Neuer Mut für die Menschen
Bei der Soforthilfe hatte Back to Life mit Sicherheitstrainings und Traumabewältigungs-Seminaren gute Erfahrungen gemacht. Deshalb entwickelten die Projektleiter gemeinsam mit Pädagogen und Psychologen ein entsprechendes Programm für Lehrer und Schüler.
Lehrer von 27 Schulen konnten an Seminaren teilnehmen, in denen zunächst die Ursachen für Erdbeben anschaulich erläutert wurden. Danach klärte man Fragen wie: Kann ich mich auf ein Erdbeben vorbereiten? Wie bringe ich uns alle schnell in Sicherheit?
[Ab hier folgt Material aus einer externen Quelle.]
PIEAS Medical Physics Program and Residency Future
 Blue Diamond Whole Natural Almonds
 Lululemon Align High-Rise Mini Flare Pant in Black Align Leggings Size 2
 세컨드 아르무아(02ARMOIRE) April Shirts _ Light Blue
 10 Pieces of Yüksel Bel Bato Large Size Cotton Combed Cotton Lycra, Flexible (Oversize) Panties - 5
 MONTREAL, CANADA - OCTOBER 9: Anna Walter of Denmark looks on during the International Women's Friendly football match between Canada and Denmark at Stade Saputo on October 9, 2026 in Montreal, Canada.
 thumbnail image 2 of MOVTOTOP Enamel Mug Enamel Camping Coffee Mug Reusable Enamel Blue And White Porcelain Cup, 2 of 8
Zugleich wurden Evakuierungspläne erstellt und Informationen über erdbebensicheres Bauen vermittelt.
Ziel der Seminare war es, dass die Lehrer ihr Wissen an die Schüler weitergeben und regelmäßig Übungen für den Ernstfall durchführen. Rund 10.000 Schulkinder haben davon profitiert.
Die Lage in Nepal heute
Ursprünglich hatte die Regierung den Wiederaufbau innerhalb von zehn Jahren geplant, doch heute ist klar, dass es deutlich länger dauern wird. Noch immer sind Tausende Gebäude und Kulturdenkmäler nicht rekonstruiert, noch immer ist die Infrastruktur des Landes nicht intakt. Immerhin: Von den rund 7.550 beschädigten Schulen sind mehr als 4.000 wieder aufgebaut.
Seit 2015 hat es in Nepal mehr als 44.000 Nachbeben gegeben. Wie die Menschen im Land damit leben? Es gehört zur Mentalität der Nepali, die Hoffnung nie aufzugeben – und Back to Life tut alles, um sie darin zu bestärken.
Danke an alle, die uns unterstützt haben
Für Back to Life waren die Maßnahmen nach dem Erdbeben 2015 ein Mammutprojekt. Wir sind an dieser Herausforderung gewachsen und haben gezeigt, dass gerade eine kleinere Organisation schnell und flexibel Nothilfe leisten kann.
Ohne die langjährigen Unterstützer und zahlreichen neuen Paten und Spender hätten wir das Projekt niemals bewältigt. Wir bedanken uns für das großzügige Engagement und für das Vertrauen in unsere Arbeit – auch im Namen der Menschen in Nepal, die heute mit mehr Hoffnung in die Zukunft blicken können.